El lenguaje de Emmanuelle Moureaux no es el francés del país que la vio nacer ni el japonés que tuvo que aprender cuando se instaló en Tokio, sino el configurado por las 100 tonalidades bidimensionales con las que construye sus obras. Su porfolio se recoge bajo el término shikiri, que en su acepción tradicional alude a los paneles móviles de papel, pero cuyo grafismo ha alterado la arquitecta para añadirle un matiz: dividir el espacio con colores.
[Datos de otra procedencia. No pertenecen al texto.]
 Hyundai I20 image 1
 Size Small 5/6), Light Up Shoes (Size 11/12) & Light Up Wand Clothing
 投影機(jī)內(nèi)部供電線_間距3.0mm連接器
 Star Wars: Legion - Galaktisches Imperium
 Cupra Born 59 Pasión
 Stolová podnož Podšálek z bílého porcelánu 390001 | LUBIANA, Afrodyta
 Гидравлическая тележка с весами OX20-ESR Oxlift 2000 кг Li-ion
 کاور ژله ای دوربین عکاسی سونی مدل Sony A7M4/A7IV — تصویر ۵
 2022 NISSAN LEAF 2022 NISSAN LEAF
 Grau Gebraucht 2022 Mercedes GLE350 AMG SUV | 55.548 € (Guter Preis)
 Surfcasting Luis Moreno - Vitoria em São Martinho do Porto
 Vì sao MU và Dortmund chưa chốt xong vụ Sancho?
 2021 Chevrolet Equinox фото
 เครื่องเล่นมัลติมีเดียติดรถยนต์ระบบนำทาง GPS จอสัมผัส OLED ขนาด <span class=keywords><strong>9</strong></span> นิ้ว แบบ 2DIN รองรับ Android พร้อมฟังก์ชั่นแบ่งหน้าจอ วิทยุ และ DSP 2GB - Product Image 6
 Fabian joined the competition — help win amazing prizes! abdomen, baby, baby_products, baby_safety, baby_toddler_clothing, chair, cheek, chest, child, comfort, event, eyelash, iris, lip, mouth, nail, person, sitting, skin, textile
El lenguaje de Emmanuelle Moureaux no es el francés del país que la vio nacer ni el japonés que tuvo que aprender cuando se instaló en Tokio, sino el configurado por las 100 tonalidades bidimensionales con las que construye sus obras. “Cuando vi el paisaje urbano de Tokio, fue como si observara los colores por primera vez. Parecían flotar, como capas. Sentí tantas emociones en esas dos horas que decidí mudarme allí. Después, opté por utilizar el cromatismo como diseño, de modo que la gente pudiera experimentarlo igual”.
Su porfolio se recoge bajo el término shikiri, que en su acepción tradicional alude a los paneles móviles de papel, pero cuyo grafismo ha alterado la arquitecta para añadirle un matiz: dividir el espacio con colores. Esta distribución no se hace por medio de la materialidad, sino mediante la sutileza de un pequeño fragmento de papel que, unido a otro —y así sucesivamente— genera una red volumétrica en la que la transparencia y el degradado cromático originan puntos de vista únicos. Una superposición de estratos verticales que nos traslada de lo bidimensional a lo tridimensional.
Trabajando con planos alineados hay otra fuerza que pasa a formar parte del conjunto: el movimiento, no solo producido por el viento como en 100 colors no.3, sino, también, por los visitantes. “Para mí es importante que la pieza se mueva, que respire como si estuviera viva. Intento crear instalaciones inmersivas, que la gente sienta con todo su cuerpo”. Esta ondulación se percibe de manera clara en Universe of Words, donde 140 000 hiraganas de papel evocan la tradición nipona de Tanabata, en la que se escribe un deseo y se fija a una rama de bambú para que el viento lo meza. Un mar de palabras teñido con un degradado de 100 tonos. Un bullicio que no oímos, pero que habla directamente al alma. “Cuando comienzo un proyecto, la única condición que le pongo al material es que sea capaz de obtener la belleza del pigmento.”
En Slices of Time, el color adopta un grado de temporalidad. Inspirada en el meridiano de Greenwich, el montaje simboliza el pasado, el presente y el futuro a través de 168 000 pequeños números que constituyen 120 “rebanadas” de tiempo equivalentes a 120 años. Colgadas en el espacio, 100 se tintan con su característica gama para representar los años venideros y los 20 restantes se visten de blanco para marcar los últimos vividos. “Mis instalaciones se componen de cientos o miles de módulos perfectamente alineados que crean un infinito de capas. En un mundo ultradigital, mis propuestas son ultraanalógicas. Requieren gran cantidad de tiempo, sin un milímetro de diferencia”.